**WHAT THIS TASK INVOLVES**
What the task requires is an exact printout of the listing below, pictures excluded.

**RECORDED DATA**
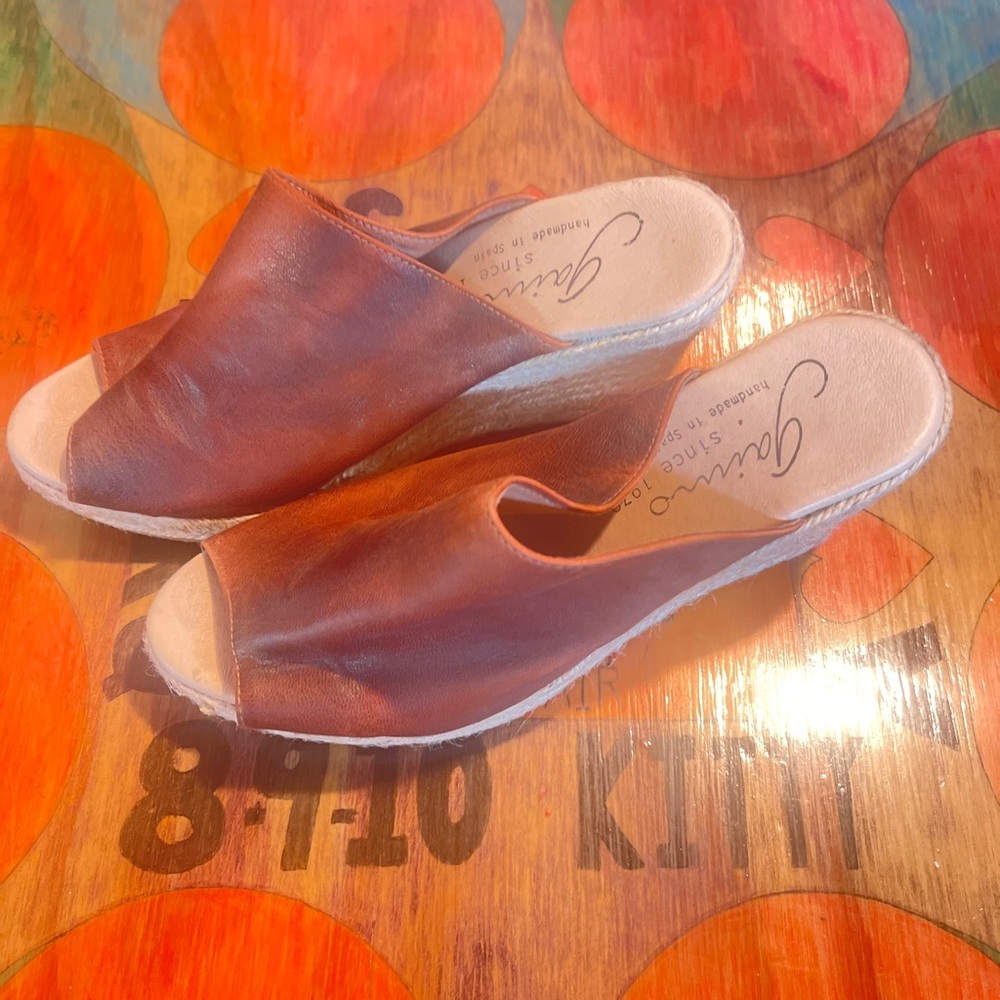 Giamo HandMade In Spain Brown Leather Open Toe Wedge PlatformSize 8 EU39.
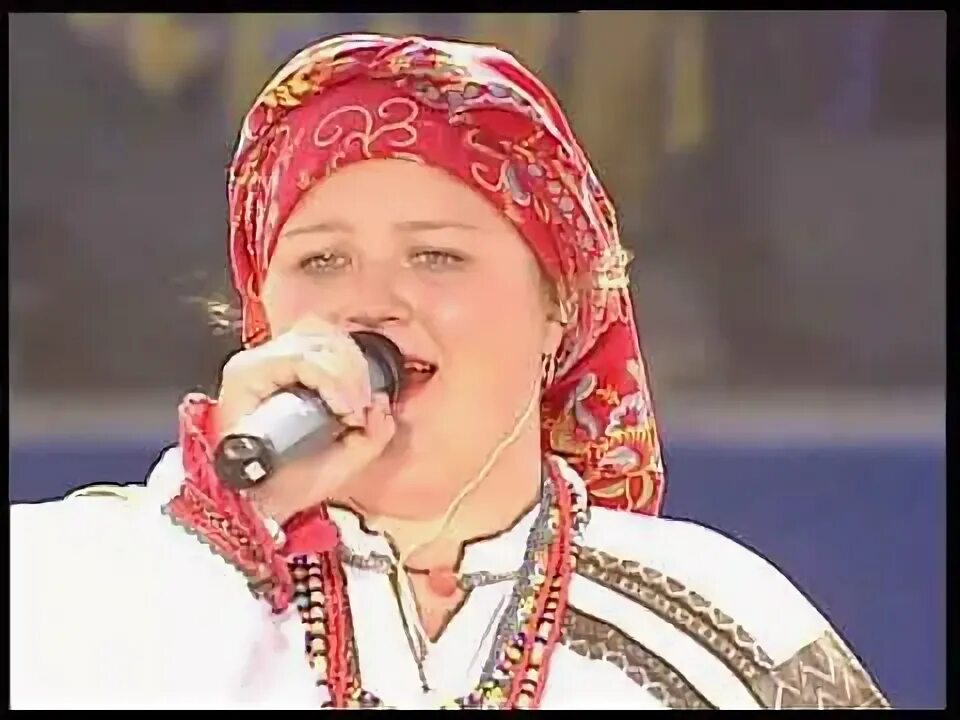 Купала брови слушать. Купала брови слушать. Купала праздник оформление. Купала брови слушать. Девушка гадает на ромашке.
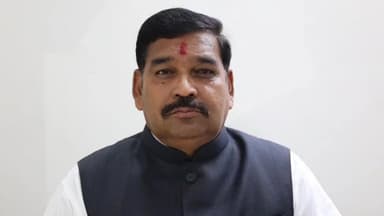 સંતરામપુર: જિલ્લામાં કમોસમી વરસાદના કારણે નુકસાન મામલે પૂર્વ મંત્રી ધારાસભ્ય પ્રતિક્રિયા આપી સર્વે કરી વળતર આપવા રજૂઆત કરી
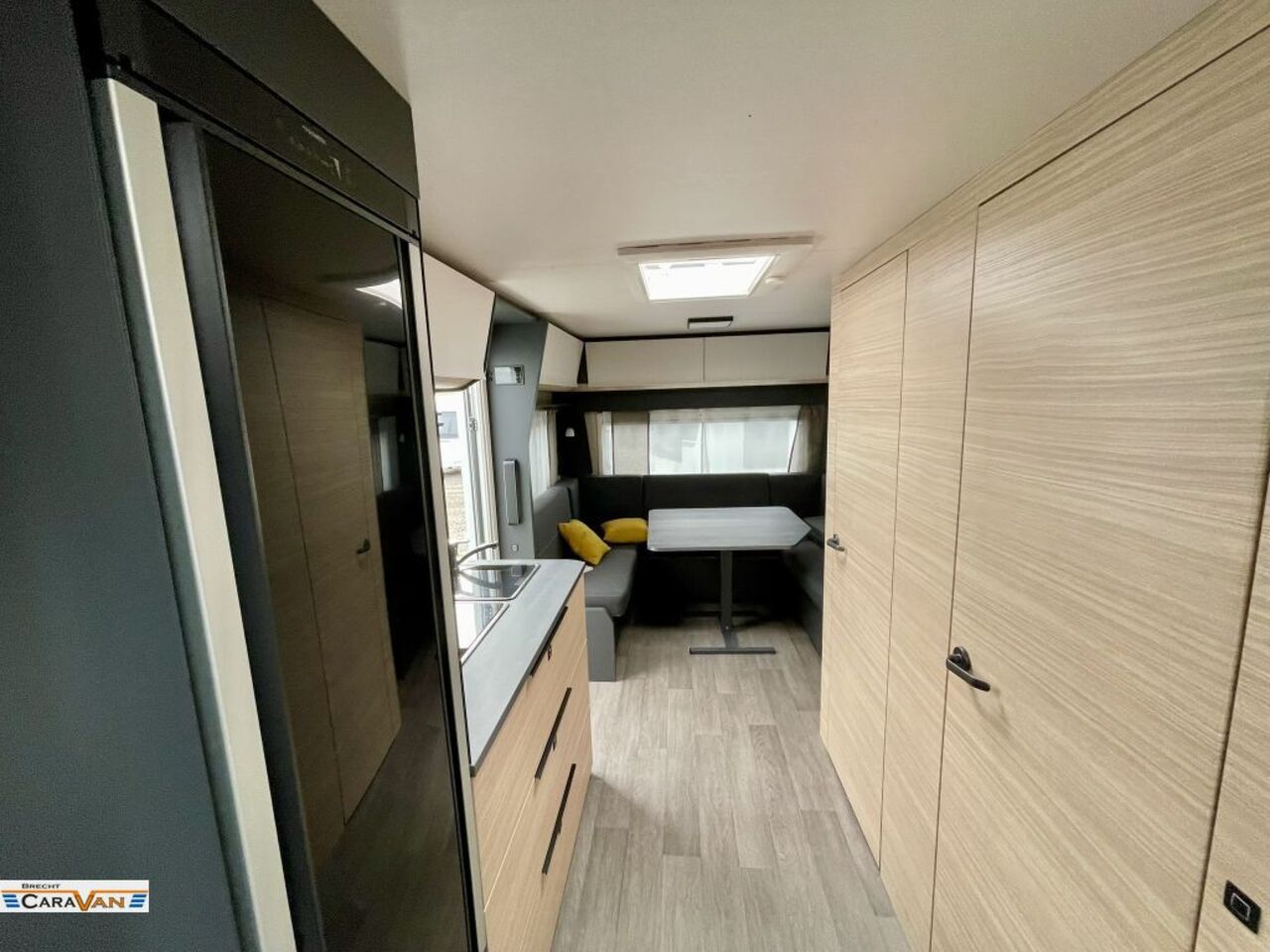 HOBBY 585 UL 7097 Eur Sparhighlight Ansicht 6 für Fahrzeugdetailseite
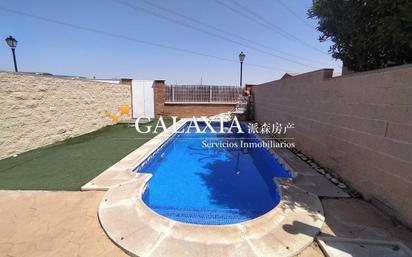 Piscina de Casa adosada en venda en Ugena amb Aire condicionat, Terrassa i Piscina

**RESPONSE AREA**
 Giamo HandMade In Spain Brown Leather Open Toe Wedge PlatformSize 8 EU39.
 Купала брови слушать. Купала брови слушать. Купала праздник оформление. Купала брови слушать. Девушка гадает на ромашке.
 સંતરામપુર: જિલ્લામાં કમોસમી વરસાદના કારણે નુકસાન મામલે પૂર્વ મંત્રી ધારાસભ્ય પ્રતિક્રિયા આપી સર્વે કરી વળતર આપવા રજૂઆત કરી
 HOBBY 585 UL 7097 Eur Sparhighlight Ansicht 6 für Fahrzeugdetailseite
 Piscina de Casa adosada en venda en Ugena amb Aire condicionat, Terrassa i Piscina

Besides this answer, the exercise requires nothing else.